Per certi versi la carriera da giocatore è più semplice rispetto a quella di un allenatore, da sempre un uomo solo.
Fu Sacchi a ripetere più volte quella frase. Sì, perché un allenatore è davvero un uomo solo, tanto in panchina quanto fuori, deve saper reggere bene l’onda d’urto dei media, sempre pronti a puntare il dito quando le cose vanno male, viceversa si osanna chi va in campo.
Media, ma non solo: le tifoserie spesso sono tutte uguali, così come la città. Che ti abbraccia quando arrivano risultati e trofei, ti scacciano alla prima crisetta.
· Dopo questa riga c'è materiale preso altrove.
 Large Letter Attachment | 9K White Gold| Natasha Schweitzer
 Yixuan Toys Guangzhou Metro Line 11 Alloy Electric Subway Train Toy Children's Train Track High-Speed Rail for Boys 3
Così si è sentito Fabio Cannavaro. Non uno qualsiasi. Un ex Pallone d’Oro che in carriera, da giocatore, ne ha vissute di tutti colori.
Dagli anni difficili con il Napoli perché spesso usando una massima latina “nemo profeta in patria”, ai primi successi con il Parma, passando agli “zero tituli” con l’Inter ai successi con la Juve. Dalle accuse di doping all’apoteosi nel Mondiale 2006, fino ad arrivare al Pallone d’Oro conquistato quando vestiva la maglia di un club storico, come il Real Madrid.
Ne ha viste di tutti i colori da giocatore. Eppure da allenatore le cose cambiano, vengono completamente stravolte da una nuova visione. “Quando non arrivano i risultati ti girano, quella è la parte più logorante per un allenatore. Cerchi di dare il massimo, di lavorare tantissimo per aiutare i tuoi giocatori, ma a volte capisci che la parte più importante del calcio sono i giocatori. Se ce li hai, sennò…”.
Un po’ di rimpianti il Cannavaro allenatore ce li ha. Pensava, sperava, che il suo ritorno in Italia dopo aver girovagato fra Al-Ahli e Guangzhou, Al-Nassr (proprio la squadra attuale di Cristiano Ronaldo), Tianjin Quanjian e allenatore (ad interim) della Cina, fosse di ben altro spessore.
Invece al Benevento è iniziata così e così e finita male. Anzitempo. “I giocatori avevano quasi timore a guardarmi. Quando sono entrato nello spogliatoio erano tutti timidi, con la testa bassa, poi piano piano abbiamo preso confidenza, hanno capito che ero uno di loro. Tutto bello da calciatore, però dopo c’è il campo e uno si deve spogliare di quello che ha fatto. L’esperienza a Benevento comunque mi è servita”.
Eccolo però il grande rimpianto: “Forse è stato un errore, per aspettare qualcos’altro, di non accettare la panchina della Polonia – conclude Fabio Cannavaro, sempre ai microfoni di DAZN – prima del Mondiale in un periodo in cui non c’era ancora la guerra. Loro erano una buona Nazionale”.